**Pictures with short captions**
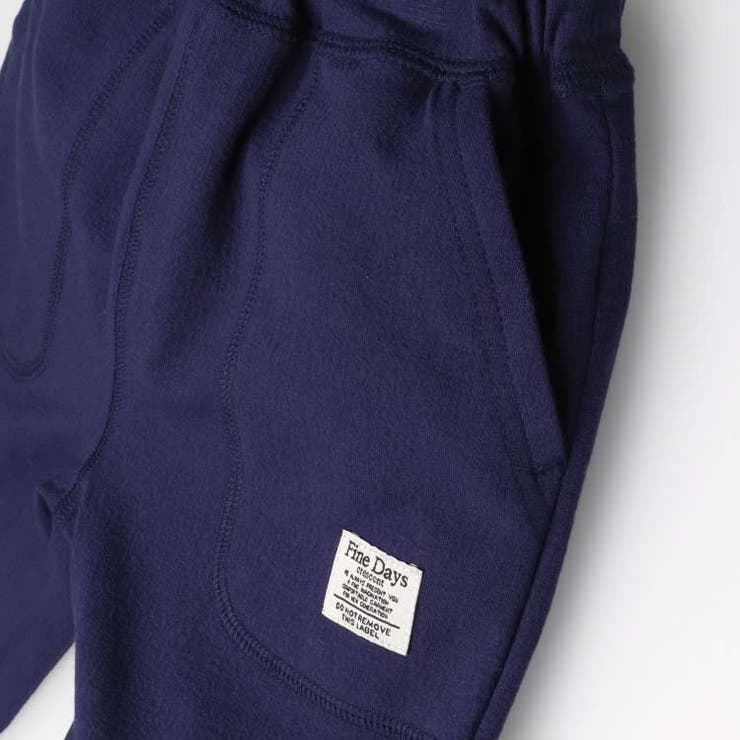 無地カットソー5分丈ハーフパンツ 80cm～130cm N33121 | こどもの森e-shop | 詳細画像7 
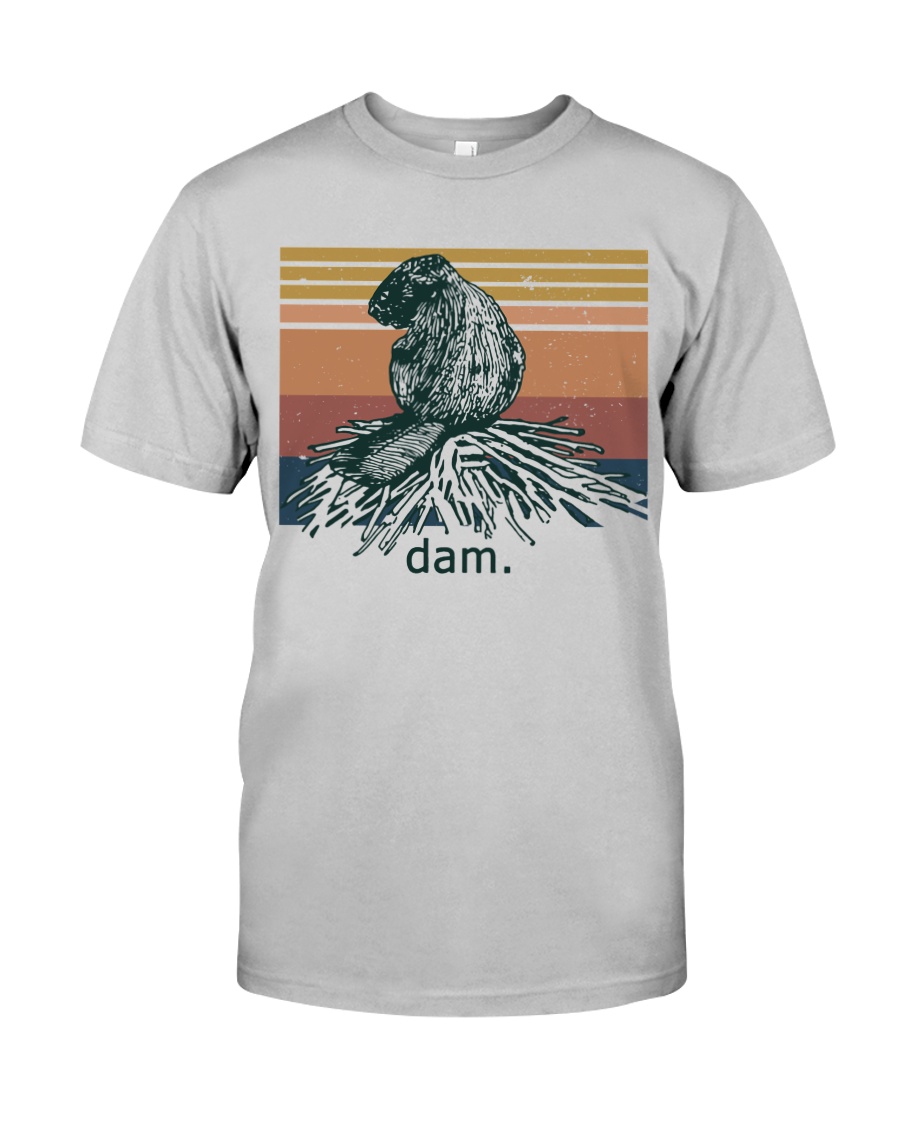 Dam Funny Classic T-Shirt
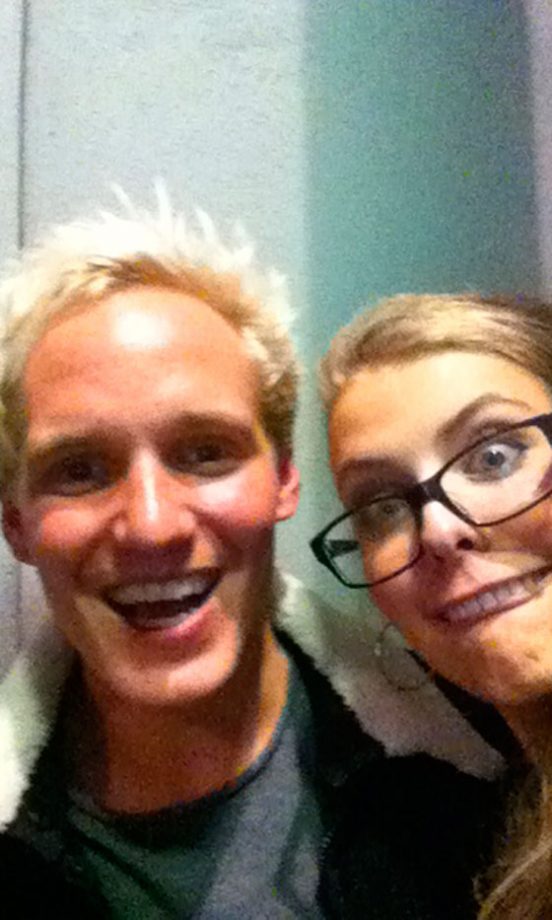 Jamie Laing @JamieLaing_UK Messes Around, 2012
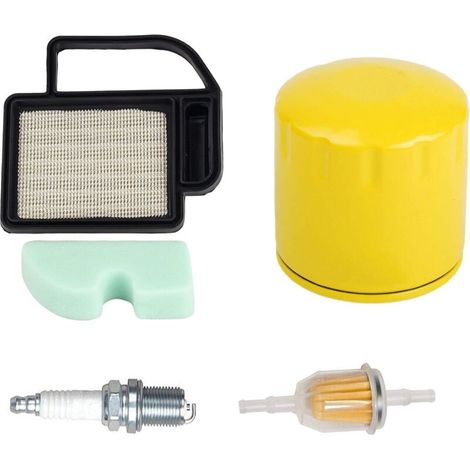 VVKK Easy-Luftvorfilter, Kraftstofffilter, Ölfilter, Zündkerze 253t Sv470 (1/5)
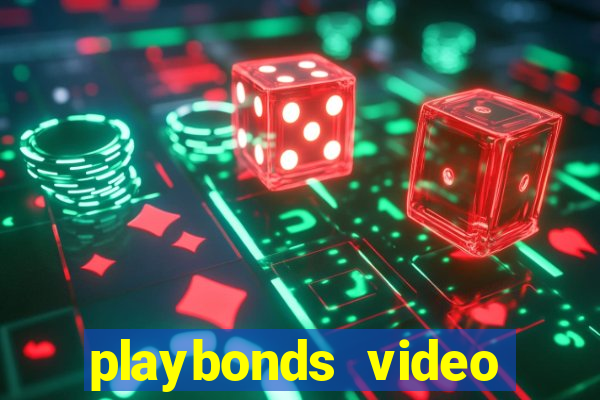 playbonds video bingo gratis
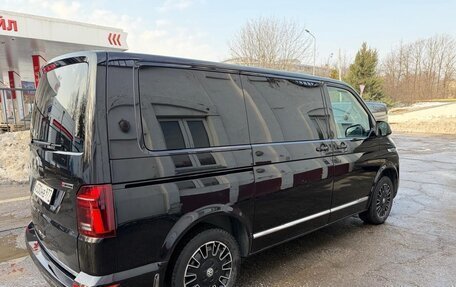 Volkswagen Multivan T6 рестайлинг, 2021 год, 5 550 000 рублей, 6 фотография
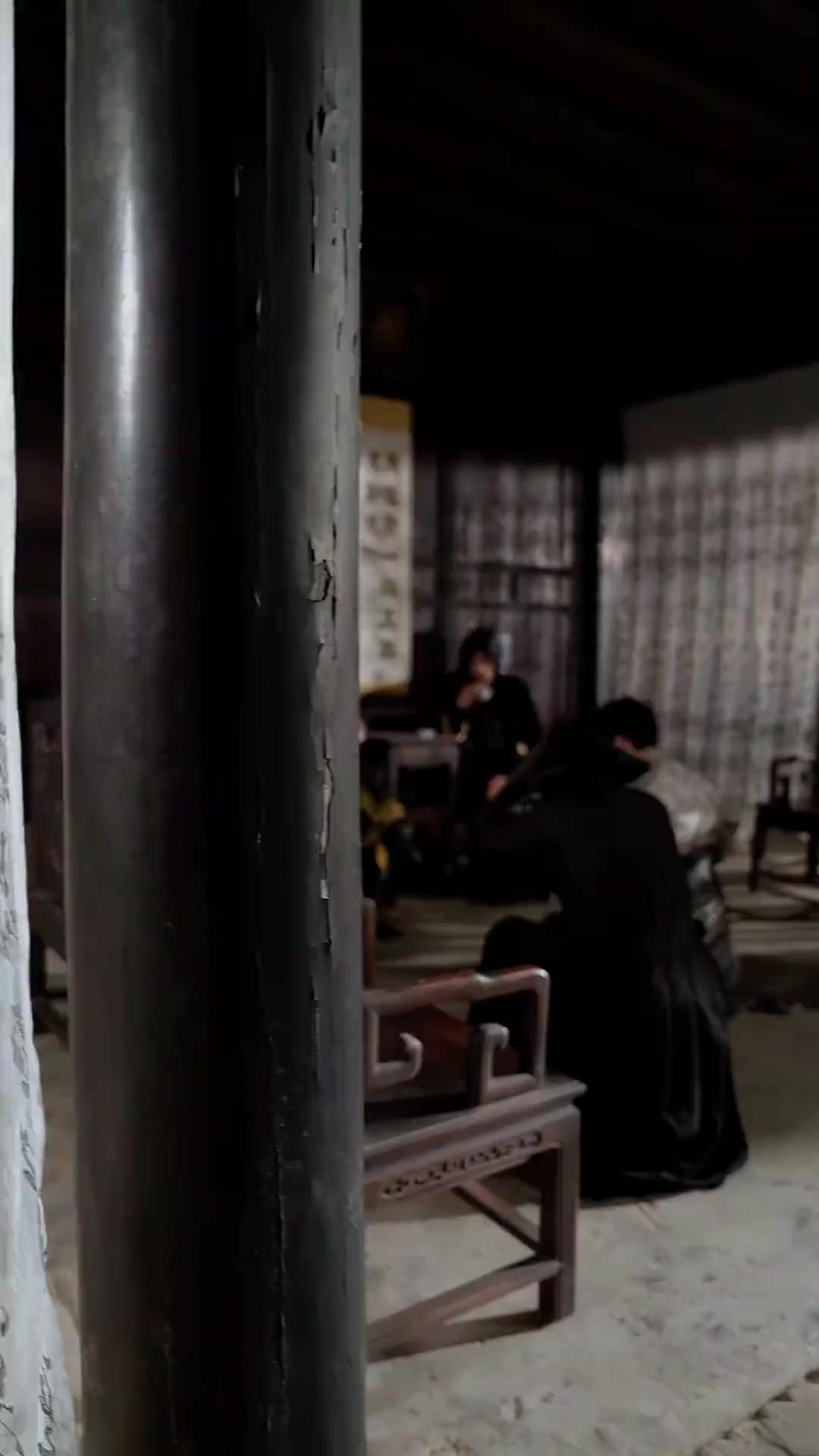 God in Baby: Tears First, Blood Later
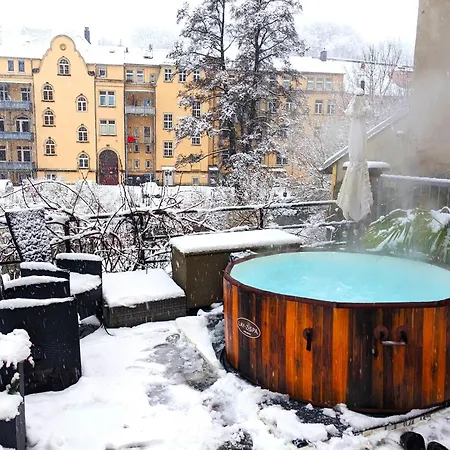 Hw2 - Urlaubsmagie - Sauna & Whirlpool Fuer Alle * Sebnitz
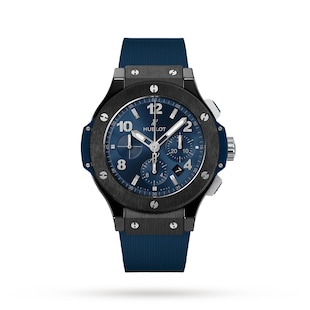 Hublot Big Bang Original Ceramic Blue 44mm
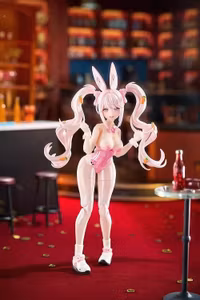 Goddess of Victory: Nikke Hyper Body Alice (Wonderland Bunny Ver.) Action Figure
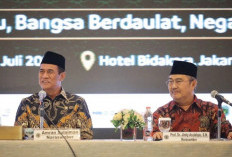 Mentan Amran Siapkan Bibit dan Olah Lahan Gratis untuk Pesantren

**TASK DESCRIPTION**
From the line that contains "Volkswagen Multivan T6" to the last line of the data, print each line exactly, both ends included, and omit the pictures.

**RESPONSE TO THIS TASK**
 Volkswagen Multivan T6 рестайлинг, 2021 год, 5 550 000 рублей, 6 фотография
 God in Baby: Tears First, Blood Later
 Hw2 - Urlaubsmagie - Sauna & Whirlpool Fuer Alle * Sebnitz
 Hublot Big Bang Original Ceramic Blue 44mm
 Goddess of Victory: Nikke Hyper Body Alice (Wonderland Bunny Ver.) Action Figure
 Mentan Amran Siapkan Bibit dan Olah Lahan Gratis untuk Pesantren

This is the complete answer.